*** Opening of Records provided ***
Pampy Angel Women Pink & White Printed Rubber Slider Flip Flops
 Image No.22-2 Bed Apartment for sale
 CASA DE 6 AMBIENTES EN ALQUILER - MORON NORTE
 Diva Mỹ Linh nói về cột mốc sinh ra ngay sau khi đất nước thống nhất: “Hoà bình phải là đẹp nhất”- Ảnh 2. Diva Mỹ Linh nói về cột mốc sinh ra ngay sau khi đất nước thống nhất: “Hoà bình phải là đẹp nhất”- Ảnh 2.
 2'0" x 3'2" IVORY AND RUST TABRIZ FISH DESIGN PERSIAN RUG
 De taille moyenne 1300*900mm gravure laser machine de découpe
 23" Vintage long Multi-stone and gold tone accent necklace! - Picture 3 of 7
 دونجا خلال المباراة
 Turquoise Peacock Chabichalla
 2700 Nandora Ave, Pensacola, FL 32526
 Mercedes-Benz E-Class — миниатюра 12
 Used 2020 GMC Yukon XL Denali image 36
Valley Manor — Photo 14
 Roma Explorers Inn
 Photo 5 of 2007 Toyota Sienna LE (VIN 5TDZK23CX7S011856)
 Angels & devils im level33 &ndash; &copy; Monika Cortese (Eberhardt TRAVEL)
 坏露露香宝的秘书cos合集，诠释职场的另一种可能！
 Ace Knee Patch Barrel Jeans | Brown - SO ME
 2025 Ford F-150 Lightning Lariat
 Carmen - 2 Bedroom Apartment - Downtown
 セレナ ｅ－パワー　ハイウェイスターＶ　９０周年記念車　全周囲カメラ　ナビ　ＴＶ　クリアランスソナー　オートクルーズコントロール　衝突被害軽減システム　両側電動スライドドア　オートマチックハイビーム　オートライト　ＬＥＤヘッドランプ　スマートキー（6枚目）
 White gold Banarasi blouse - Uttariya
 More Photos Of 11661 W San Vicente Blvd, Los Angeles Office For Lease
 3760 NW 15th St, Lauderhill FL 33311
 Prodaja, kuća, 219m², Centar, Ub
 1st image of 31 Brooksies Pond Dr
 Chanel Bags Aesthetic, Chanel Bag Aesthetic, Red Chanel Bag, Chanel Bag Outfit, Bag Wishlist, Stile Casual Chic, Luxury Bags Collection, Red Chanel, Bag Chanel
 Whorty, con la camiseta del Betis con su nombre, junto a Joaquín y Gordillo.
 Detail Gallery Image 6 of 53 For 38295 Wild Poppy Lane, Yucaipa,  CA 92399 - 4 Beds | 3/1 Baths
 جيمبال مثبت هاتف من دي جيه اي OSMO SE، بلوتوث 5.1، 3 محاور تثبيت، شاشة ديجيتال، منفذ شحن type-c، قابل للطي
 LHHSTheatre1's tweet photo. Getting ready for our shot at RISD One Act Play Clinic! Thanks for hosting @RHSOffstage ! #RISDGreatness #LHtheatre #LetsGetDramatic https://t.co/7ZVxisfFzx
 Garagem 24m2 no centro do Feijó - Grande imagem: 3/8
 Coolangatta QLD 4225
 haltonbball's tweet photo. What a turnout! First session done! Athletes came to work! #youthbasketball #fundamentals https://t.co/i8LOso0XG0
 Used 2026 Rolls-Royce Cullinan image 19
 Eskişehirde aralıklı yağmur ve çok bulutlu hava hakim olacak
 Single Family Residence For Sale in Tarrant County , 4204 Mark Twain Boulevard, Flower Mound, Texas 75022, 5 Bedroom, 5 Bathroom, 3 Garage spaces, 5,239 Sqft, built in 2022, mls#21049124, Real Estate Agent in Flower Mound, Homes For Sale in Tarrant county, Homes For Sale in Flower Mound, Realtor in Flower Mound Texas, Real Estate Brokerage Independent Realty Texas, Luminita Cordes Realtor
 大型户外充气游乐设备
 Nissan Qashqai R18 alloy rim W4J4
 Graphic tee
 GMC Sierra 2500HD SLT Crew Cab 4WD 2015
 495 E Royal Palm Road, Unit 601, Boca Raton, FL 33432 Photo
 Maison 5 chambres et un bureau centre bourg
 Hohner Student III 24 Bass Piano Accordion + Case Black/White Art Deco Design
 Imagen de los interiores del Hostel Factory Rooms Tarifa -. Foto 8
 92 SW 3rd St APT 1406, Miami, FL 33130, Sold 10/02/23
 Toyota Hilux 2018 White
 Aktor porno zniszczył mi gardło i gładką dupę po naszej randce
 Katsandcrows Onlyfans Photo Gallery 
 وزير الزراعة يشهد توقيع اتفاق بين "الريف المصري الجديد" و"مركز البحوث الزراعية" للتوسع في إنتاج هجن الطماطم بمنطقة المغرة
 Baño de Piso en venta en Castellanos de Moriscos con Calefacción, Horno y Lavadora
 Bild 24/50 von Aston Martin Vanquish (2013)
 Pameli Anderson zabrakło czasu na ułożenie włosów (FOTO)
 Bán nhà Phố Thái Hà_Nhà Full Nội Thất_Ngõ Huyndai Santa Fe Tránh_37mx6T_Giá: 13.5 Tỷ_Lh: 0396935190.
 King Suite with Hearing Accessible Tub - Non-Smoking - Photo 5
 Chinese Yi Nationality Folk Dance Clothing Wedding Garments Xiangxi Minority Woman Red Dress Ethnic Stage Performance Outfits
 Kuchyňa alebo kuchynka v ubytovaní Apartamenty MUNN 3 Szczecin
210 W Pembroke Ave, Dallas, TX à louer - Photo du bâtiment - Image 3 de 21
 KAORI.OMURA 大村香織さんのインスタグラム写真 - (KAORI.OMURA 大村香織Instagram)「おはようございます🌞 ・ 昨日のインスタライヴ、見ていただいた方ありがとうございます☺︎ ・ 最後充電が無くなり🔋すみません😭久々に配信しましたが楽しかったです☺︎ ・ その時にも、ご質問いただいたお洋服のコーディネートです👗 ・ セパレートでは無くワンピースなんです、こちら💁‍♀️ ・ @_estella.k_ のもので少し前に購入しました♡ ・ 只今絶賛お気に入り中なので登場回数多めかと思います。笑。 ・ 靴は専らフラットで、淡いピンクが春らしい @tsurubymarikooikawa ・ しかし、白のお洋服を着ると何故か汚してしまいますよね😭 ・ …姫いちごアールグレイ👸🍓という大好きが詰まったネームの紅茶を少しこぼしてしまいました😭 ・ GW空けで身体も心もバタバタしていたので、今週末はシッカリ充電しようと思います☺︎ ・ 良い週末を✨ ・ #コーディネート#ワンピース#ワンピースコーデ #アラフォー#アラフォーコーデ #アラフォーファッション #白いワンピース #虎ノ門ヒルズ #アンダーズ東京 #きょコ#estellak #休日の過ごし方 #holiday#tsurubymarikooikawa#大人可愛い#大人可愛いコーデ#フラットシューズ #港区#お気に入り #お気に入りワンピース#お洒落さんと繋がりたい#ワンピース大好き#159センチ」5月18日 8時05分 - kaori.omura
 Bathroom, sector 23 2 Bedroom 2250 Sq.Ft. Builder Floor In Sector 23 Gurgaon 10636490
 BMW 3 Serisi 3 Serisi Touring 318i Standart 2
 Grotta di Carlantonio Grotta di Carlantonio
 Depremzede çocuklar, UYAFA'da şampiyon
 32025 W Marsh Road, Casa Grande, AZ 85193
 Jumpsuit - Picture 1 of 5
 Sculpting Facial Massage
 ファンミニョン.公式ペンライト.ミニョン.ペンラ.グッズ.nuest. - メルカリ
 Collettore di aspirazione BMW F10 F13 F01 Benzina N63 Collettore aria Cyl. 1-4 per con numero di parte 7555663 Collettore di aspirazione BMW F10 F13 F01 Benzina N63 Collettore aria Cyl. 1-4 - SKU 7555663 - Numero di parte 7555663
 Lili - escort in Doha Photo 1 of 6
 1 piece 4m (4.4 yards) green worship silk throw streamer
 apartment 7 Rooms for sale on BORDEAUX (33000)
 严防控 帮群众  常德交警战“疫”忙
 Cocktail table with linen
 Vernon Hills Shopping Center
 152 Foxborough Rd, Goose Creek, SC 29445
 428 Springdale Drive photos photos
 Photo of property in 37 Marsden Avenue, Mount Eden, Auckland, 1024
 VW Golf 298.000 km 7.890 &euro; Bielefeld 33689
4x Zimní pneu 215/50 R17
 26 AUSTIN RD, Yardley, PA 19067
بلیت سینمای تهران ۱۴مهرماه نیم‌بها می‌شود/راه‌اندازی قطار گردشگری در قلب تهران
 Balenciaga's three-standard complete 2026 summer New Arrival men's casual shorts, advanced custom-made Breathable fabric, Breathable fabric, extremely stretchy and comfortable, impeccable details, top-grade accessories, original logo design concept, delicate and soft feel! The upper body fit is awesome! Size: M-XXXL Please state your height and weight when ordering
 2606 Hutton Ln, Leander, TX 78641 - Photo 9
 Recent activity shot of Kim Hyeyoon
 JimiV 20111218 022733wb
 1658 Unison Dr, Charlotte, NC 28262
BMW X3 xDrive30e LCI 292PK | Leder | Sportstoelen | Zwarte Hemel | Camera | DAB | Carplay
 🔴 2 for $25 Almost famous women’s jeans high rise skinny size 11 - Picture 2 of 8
*** Close of Records provided ***
> **What you are asked to do**: Look above for the line holding "セレナ ｅ－パワー　ハイウェ", then set down exactly that line and every line after it up to and including the line holding "Toyota Hilux 2018 White", with nothing else.

> **Task answer**:
 セレナ ｅ－パワー　ハイウェイスターＶ　９０周年記念車　全周囲カメラ　ナビ　ＴＶ　クリアランスソナー　オートクルーズコントロール　衝突被害軽減システム　両側電動スライドドア　オートマチックハイビーム　オートライト　ＬＥＤヘッドランプ　スマートキー（6枚目）
 White gold Banarasi blouse - Uttariya
 More Photos Of 11661 W San Vicente Blvd, Los Angeles Office For Lease
 3760 NW 15th St, Lauderhill FL 33311
 Prodaja, kuća, 219m², Centar, Ub
 1st image of 31 Brooksies Pond Dr
 Chanel Bags Aesthetic, Chanel Bag Aesthetic, Red Chanel Bag, Chanel Bag Outfit, Bag Wishlist, Stile Casual Chic, Luxury Bags Collection, Red Chanel, Bag Chanel
 Whorty, con la camiseta del Betis con su nombre, junto a Joaquín y Gordillo.
 Detail Gallery Image 6 of 53 For 38295 Wild Poppy Lane, Yucaipa,  CA 92399 - 4 Beds | 3/1 Baths
 جيمبال مثبت هاتف من دي جيه اي OSMO SE، بلوتوث 5.1، 3 محاور تثبيت، شاشة ديجيتال، منفذ شحن type-c، قابل للطي
 LHHSTheatre1's tweet photo. Getting ready for our shot at RISD One Act Play Clinic! Thanks for hosting @RHSOffstage ! #RISDGreatness #LHtheatre #LetsGetDramatic https://t.co/7ZVxisfFzx
 Garagem 24m2 no centro do Feijó - Grande imagem: 3/8
 Coolangatta QLD 4225
 haltonbball's tweet photo. What a turnout! First session done! Athletes came to work! #youthbasketball #fundamentals https://t.co/i8LOso0XG0
 Used 2026 Rolls-Royce Cullinan image 19
 Eskişehirde aralıklı yağmur ve çok bulutlu hava hakim olacak
 Single Family Residence For Sale in Tarrant County , 4204 Mark Twain Boulevard, Flower Mound, Texas 75022, 5 Bedroom, 5 Bathroom, 3 Garage spaces, 5,239 Sqft, built in 2022, mls#21049124, Real Estate Agent in Flower Mound, Homes For Sale in Tarrant county, Homes For Sale in Flower Mound, Realtor in Flower Mound Texas, Real Estate Brokerage Independent Realty Texas, Luminita Cordes Realtor
 大型户外充气游乐设备
 Nissan Qashqai R18 alloy rim W4J4
 Graphic tee
 GMC Sierra 2500HD SLT Crew Cab 4WD 2015
 495 E Royal Palm Road, Unit 601, Boca Raton, FL 33432 Photo
 Maison 5 chambres et un bureau centre bourg
 Hohner Student III 24 Bass Piano Accordion + Case Black/White Art Deco Design
 Imagen de los interiores del Hostel Factory Rooms Tarifa -. Foto 8
 92 SW 3rd St APT 1406, Miami, FL 33130, Sold 10/02/23
 Toyota Hilux 2018 White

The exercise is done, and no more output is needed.